Ha! I’m not sure if I have “come of age” as an artist. I think even identifying as an artist has been a difficult title for me to take on. I am slowly learning to accept, embrace, and affirm myself as poet. Poetry can come in so many forms, so many ways and waves. Triggers is a poem. A poem can also be a song, a dance, a color, a mood, a film, a person… 

I think I have come to my current practice by way of heart ache and a longing to heal. Practice is a keyword, because if you’re doing it right it means play and exploration, but also comes with discipline and persistence. Discipline always feels punitive to me; my Aquarian mind runs from it. I have been learning to lean into it though, in my own way. What does it mean to come back to a thing? To work on a film and then watch it become something else, and then to watch it become something else again? I say watch, but really being an artist/poet requires an active and intentional relationship building process between self-internalized and self-externalized.

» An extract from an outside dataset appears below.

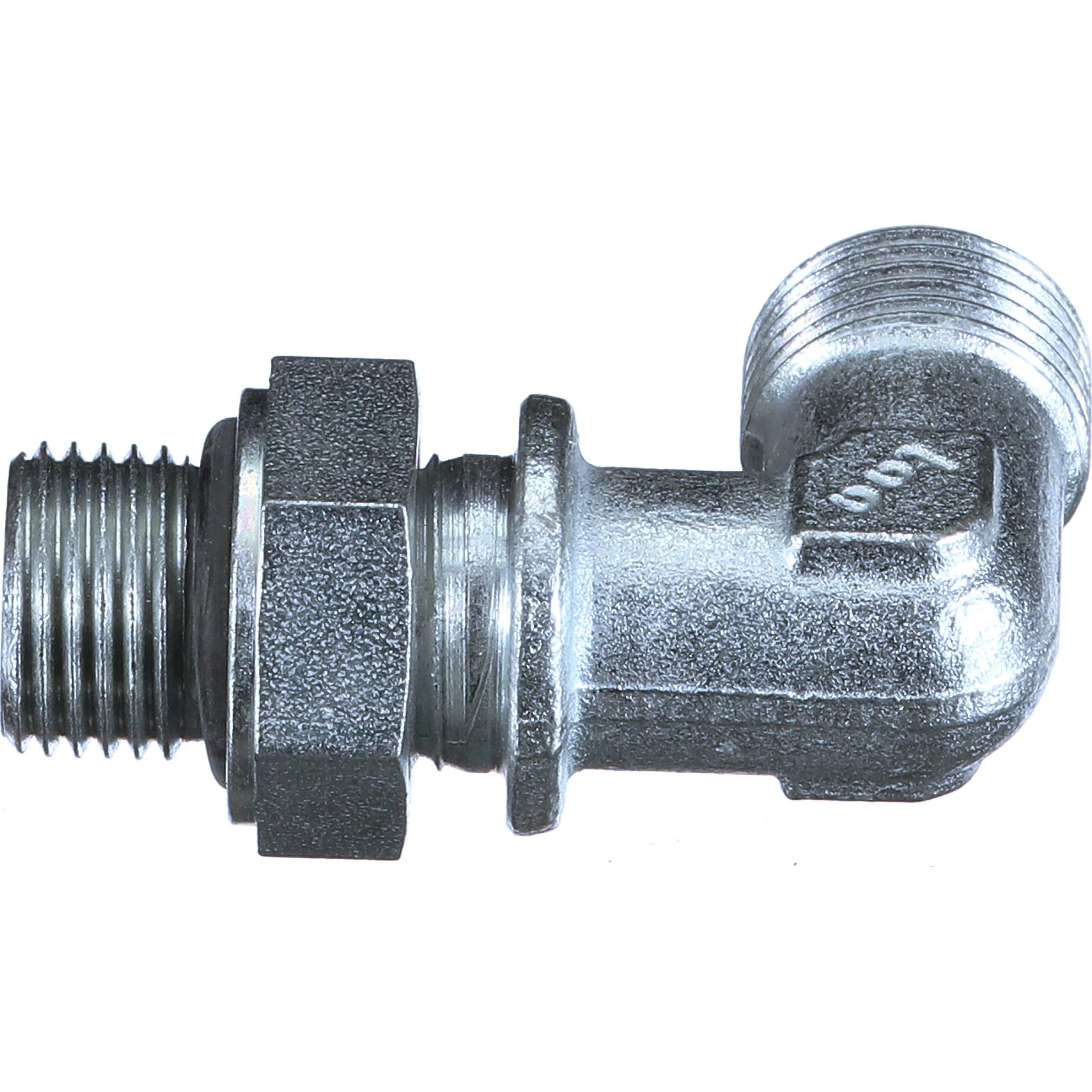 COUPLING | MILLER | US | EN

So, I come to my current practice with openness and a willingness to let go of everything I think I know, in order to learn and share all of the things I need to know—this is courage.

What was the inspiration for your Open TV project?

The resiliency of Black women and girls is my inspiration, it’s the only reason why I’m here.     The fact of Black love is also what grounds me.

What's next for you or your project?

I’m writing my memoir entitled “A Body Made Home” and I’m preparing to submit Triggers to film festivals.